“We want to protect our lands, but we also need to awaken the people in The North. You are living in a dream, what you are doing is destroying the Earth.”
Talk about an Amazon woman! Anthropologist Zoe Tryon is working with the Achuar people of the Ecuadorian rainforest to help both protect their culture from undue outside influence while still giving them the skills they need to deal with those same outsiders who see their land as a place to drill for oil and not much else. According to local maps, the Achuar live in Oil Blocks #23 and #24 (something tells me the people who live there call it something else).

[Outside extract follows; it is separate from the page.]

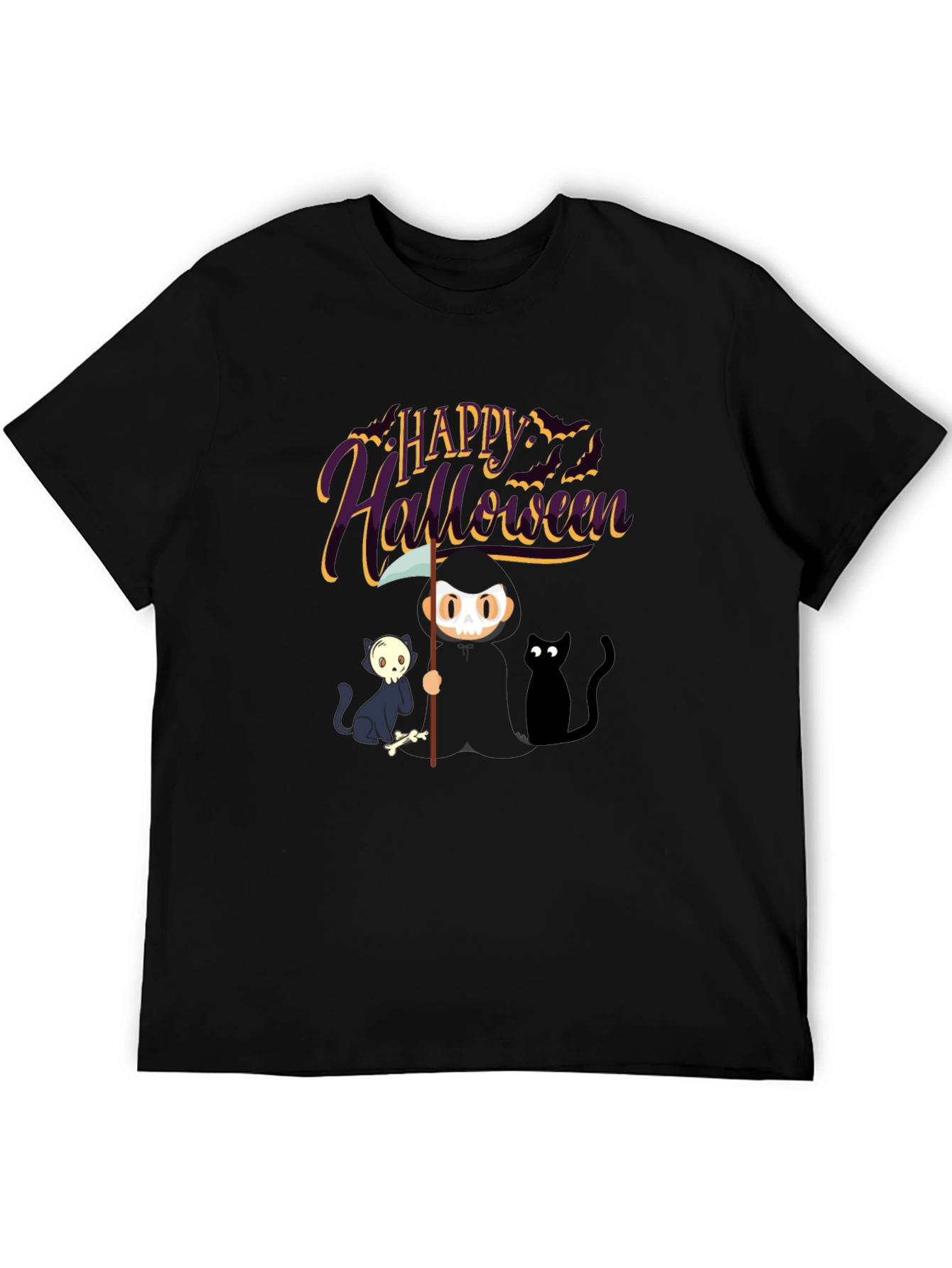 Halloween Crew Neck T-Shirt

Tryon sat down with Treehugger Leonora Oppenheimer (who’s also a friend) to describe the kind of work she is doing with these indigenous people. Here’s a quick, insprirational excerpt from the interview, but it’s really worth reading the whole thing over at TH. I think that this it is not only interesting to hear about important things like this that are happening, but this is good fodder for anyone who thinks that they shouldn’t try to pull together all the different aspects of their passion and interests to make the change they want to see in the world.

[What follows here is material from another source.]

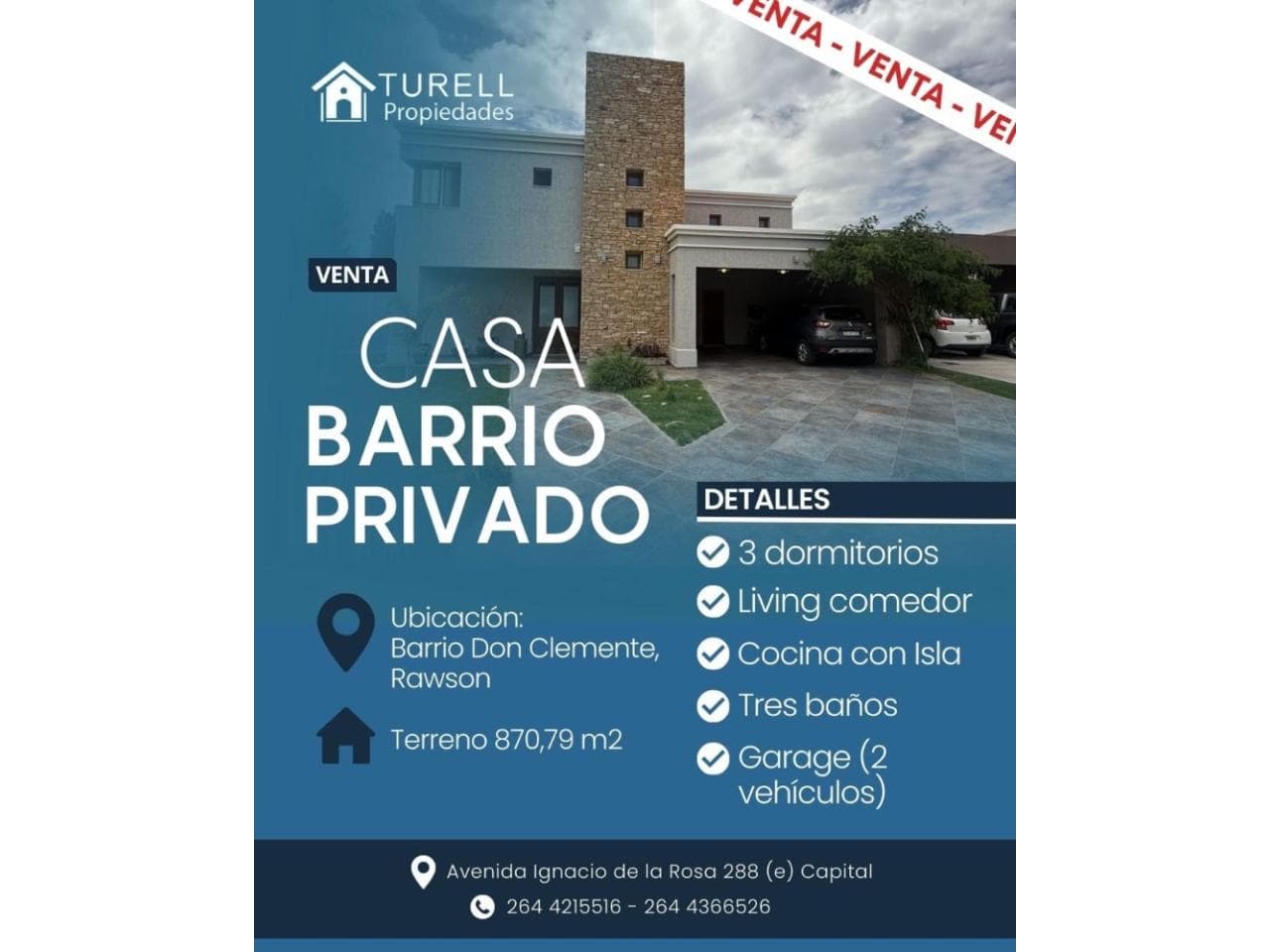 Venta Casa De Categoria En Barrio Privado Don Clemente, Santa Lucia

Anthropology is my background and I wanted to find something that connected that to personal growth, transformation and turning people towards more ecologically sustainable lifestyles. I was thinking how on earth can I fit all that together? But I really believe that if you follow your heart and your passions in life you will find the way.

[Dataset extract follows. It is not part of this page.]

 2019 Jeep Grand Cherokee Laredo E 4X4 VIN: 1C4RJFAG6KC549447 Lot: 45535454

Thomas Berry the great cosmologist and environmentalist he said “What can we do? Well, what CAN you do?” Basically each one of us has the potential to do something and you just have to look and see what that is. It doesn’t have to be running off to live in the jungle, it can be, “What can I do in my day to day life?” “What’s a tiny shift that I can contribute?” Carpooling or whatever. Each one of us can do something.
Paul Hawken during the research for his book ‘Blessed Unrest’ found 2 million organisations that are working to make the world a better place. When you hear about that from all over the world then you realise wow it’s not just little old me, it’s everyone working together and that gives you the impetus to get out there and do it.
So I’ve been volunteering for seven months now: 2 months in the states and 5 months down here living in Achuar territory and working on the transference process of the Kapawi Eco-Lodge. It’s going back into their hands in December.
And this was probably my favorite part of the interview:
I have always been interested how other people think and different ways of doing things and ecology is part of that as well. That’s the message indigenous people give to us. I am fascinated by indigenous women’s wisdom. These women have worked so closely with the soil and the earth all their lives, it’s part of their being. Whereas we are so distanced from that. During the time of the Spanish Inquisition between 3 and 5 million women were killed in Europe that were good with plants, who loved animals, who loved walking alone in the countryside. They were labeled as witches and burnt at the stake. So we’ve had to distance ourselves from our connection with the earth, plants and nature, and become more masculine in our energy in order to survive. It’s very interesting to see women who haven’t had that break and to see their strength and power and how it impacts the whole community. When a woman is strong and she is happy she nurtures and that affects so many people.